*** Opening MATERIALS PROVIDED ***
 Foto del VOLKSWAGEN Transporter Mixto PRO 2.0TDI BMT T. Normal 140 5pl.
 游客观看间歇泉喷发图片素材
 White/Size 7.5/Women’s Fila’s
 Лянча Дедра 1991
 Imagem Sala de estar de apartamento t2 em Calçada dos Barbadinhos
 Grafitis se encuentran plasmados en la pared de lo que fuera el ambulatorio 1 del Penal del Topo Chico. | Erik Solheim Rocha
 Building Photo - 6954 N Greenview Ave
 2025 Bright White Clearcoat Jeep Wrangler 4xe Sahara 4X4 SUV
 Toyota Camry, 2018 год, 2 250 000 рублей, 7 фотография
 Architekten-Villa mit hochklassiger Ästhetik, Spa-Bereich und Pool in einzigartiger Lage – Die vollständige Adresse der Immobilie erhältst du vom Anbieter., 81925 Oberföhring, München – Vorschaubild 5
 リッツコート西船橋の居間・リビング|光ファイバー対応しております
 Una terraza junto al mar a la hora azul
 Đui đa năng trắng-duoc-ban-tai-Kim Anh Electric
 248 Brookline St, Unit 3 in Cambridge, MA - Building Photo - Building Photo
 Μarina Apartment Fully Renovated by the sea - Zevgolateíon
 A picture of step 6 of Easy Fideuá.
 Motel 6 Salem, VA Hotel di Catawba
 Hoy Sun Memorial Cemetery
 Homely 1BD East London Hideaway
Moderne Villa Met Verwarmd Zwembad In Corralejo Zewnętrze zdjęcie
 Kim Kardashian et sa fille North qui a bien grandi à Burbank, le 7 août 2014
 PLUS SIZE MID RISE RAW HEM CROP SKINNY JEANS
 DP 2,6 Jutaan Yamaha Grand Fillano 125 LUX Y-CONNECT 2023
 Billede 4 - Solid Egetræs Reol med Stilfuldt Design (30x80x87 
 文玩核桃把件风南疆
*** Closing MATERIALS PROVIDED ***
An exact copy of the lines above, from the one containing "2025 Bright White" down to the one containing "Toyota Camry, 2018" and including both, is the whole answer; retype it and nothing else.

▶ [ANSWER SPACE]:
 2025 Bright White Clearcoat Jeep Wrangler 4xe Sahara 4X4 SUV
 Toyota Camry, 2018 год, 2 250 000 рублей, 7 фотография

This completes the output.